The Hunt For Bin Laden
Those kinds of things don't exactly inspire confidence among the U.S. commanders responsible for directing operations in Afghanistan and coordinating with the Pakistani military. The strategy they've worked out is known as "hammer and anvil," but it relies on Pakistani troops--particularly the elite 88th Brigade, a mountain-trained strike force--to flush al Qaeda and Taliban remnants from the tribal areas toward the border.
Just on the other side, American troops have established advanced fire bases, and special forces A-teams have set up small "A camps" high in the mountains near key passes and crossing points. American commanders who have met with Pakistani President Pervez Musharraf profess unqualified admiration for his determination to press the military effort in the tribal lands, despite legal constraints on military operations there and, more important, intense local opposition by tribal elders. Some ascribe Musharraf's determination to the two assassination attempts by al Qaeda that he survived within the past year. "For us, al Qaeda trying to kill him is a good deal," said a senior commander who has met several times with Musharraf. ". . . He finally said, 'That ain't going to happen; I'm coming after you.' And then he [got] the support of the military to do that."

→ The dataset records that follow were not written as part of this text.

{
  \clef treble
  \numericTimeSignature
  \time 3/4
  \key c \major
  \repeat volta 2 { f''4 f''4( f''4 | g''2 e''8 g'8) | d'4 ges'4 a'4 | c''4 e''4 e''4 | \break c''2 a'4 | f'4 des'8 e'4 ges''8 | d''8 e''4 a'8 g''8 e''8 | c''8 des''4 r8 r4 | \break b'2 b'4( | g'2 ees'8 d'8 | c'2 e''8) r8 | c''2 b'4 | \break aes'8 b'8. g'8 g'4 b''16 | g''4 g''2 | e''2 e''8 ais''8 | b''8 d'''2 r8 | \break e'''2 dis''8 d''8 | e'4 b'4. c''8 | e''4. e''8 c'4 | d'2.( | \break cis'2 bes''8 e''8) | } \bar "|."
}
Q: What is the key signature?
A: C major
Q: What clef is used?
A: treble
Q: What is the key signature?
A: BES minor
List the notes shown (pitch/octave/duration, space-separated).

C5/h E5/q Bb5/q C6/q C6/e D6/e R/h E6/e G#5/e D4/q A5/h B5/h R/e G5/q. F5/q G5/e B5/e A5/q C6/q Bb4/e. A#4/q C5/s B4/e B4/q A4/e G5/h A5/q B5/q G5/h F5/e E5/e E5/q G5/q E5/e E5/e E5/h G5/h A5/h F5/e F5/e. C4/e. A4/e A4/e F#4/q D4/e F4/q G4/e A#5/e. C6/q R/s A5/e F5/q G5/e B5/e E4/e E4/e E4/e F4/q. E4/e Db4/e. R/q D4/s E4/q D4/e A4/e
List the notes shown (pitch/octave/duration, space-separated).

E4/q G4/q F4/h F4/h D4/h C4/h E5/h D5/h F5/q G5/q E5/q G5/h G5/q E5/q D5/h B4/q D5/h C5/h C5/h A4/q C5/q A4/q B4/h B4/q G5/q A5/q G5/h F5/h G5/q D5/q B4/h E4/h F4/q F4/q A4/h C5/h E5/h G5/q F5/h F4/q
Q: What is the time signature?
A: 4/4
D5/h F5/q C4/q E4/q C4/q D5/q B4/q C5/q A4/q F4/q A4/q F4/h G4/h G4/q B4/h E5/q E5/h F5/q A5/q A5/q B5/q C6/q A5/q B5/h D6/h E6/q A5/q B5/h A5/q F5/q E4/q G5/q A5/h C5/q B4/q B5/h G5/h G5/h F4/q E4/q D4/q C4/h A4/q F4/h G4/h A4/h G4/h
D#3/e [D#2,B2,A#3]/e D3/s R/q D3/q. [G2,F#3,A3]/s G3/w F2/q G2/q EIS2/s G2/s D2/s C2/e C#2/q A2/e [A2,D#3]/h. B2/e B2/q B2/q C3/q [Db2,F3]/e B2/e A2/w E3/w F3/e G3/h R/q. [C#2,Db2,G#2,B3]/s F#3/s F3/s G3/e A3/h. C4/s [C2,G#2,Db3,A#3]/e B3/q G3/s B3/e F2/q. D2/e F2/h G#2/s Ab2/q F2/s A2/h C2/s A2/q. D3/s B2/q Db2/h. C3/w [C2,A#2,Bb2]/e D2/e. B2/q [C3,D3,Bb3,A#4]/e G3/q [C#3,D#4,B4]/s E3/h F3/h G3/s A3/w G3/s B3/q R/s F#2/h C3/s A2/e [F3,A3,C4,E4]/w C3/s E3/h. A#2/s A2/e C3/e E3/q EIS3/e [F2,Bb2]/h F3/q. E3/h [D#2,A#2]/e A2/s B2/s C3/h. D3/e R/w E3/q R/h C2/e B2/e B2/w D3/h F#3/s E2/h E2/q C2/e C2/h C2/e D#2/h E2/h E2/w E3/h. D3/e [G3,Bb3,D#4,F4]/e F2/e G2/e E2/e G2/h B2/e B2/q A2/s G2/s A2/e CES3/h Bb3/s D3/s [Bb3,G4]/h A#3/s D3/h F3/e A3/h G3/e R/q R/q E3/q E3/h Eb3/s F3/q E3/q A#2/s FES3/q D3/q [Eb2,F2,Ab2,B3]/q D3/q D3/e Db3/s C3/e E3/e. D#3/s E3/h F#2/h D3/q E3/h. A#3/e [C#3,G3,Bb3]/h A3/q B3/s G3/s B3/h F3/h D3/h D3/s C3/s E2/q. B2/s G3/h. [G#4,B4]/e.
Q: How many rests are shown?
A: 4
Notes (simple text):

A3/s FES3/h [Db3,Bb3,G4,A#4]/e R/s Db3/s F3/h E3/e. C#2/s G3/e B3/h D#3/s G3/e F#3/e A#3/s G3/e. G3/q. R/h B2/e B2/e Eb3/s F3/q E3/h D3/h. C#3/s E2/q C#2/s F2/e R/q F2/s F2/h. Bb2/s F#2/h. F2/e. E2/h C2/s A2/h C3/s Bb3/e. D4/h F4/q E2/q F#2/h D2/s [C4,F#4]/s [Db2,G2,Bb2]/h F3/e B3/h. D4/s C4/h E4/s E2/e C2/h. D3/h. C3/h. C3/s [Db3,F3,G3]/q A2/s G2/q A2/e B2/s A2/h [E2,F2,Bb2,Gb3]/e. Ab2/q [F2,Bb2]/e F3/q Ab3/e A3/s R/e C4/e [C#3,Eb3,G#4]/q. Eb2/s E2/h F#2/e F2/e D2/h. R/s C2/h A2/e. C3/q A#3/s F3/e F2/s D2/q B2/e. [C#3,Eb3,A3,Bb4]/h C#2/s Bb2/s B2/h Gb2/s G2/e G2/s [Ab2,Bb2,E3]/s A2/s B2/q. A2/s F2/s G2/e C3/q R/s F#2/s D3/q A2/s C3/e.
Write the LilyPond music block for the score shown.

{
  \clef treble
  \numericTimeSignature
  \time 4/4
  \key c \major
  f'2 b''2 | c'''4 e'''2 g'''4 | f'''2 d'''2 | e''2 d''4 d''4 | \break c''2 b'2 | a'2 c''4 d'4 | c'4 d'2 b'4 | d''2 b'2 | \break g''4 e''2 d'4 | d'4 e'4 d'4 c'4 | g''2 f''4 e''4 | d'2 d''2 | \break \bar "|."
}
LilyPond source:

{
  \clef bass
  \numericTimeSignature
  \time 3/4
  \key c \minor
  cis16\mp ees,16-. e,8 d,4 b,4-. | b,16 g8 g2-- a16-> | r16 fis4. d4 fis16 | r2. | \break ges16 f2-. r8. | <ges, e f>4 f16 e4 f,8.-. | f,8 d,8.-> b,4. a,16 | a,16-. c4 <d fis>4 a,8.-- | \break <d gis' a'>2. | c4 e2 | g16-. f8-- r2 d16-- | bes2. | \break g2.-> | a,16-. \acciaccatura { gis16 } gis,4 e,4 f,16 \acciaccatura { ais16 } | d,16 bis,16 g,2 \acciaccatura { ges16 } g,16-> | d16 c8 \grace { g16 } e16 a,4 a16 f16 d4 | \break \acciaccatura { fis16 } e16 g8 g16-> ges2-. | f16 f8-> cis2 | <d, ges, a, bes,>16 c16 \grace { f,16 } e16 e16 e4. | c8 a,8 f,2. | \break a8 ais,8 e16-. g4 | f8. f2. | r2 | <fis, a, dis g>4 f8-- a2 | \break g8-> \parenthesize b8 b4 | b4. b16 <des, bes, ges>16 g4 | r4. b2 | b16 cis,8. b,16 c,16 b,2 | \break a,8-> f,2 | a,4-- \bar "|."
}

Well, sort of. Family ties between members of the Pakistani 11th Corps, which has conducted some operations in the tribal areas, and Pashtuns who live in the areas resulted in advance warning of several early raids on sanctuaries in the borderlands, U.S. officials say. "Before, it was a week's warning before they were going to go in, then it was four days," says a senior U.S. official, "and the last [time] I think it was one day." After that fight, soldiers of the 88th Brigade discovered a mile-long tunnel leading to the Afghan border, the entrance to which was concealed in a high, mud-walled compound with dug-in fighting positions. U.S. soldiers have provided counterterrorist training to Pakistani and other troops in the region and some training in mountain warfare. They also hope to provide more night-vision goggles and special assault helicopters, but as one general said, "money's a problem."
So, it seems, is morale, at least among some of Musharraf's troops. "I'm not real certain that the Pakistani Army is really shot in the ass with doing some of the really difficult kind of fighting and stuff that's up there," this commander said. "And I'm not sure they're acclimated to that, and I'm sure they don't like it very much." Just a few days ago, General Hussain signed a lenient truce with a tribal leader in Waziristan whose pro-al Qaeda fighters killed about 80 Pakistani troops. Pakistani officials nevertheless insist that they are determined to succeed in the tribal lands. "I admit that we have conceded heavy losses in encounters with the terrorists," says a senior official, "but this is part of the game. Still, we are committed to clean this area. Now it is better for the terrorists to surrender, or get ready to die."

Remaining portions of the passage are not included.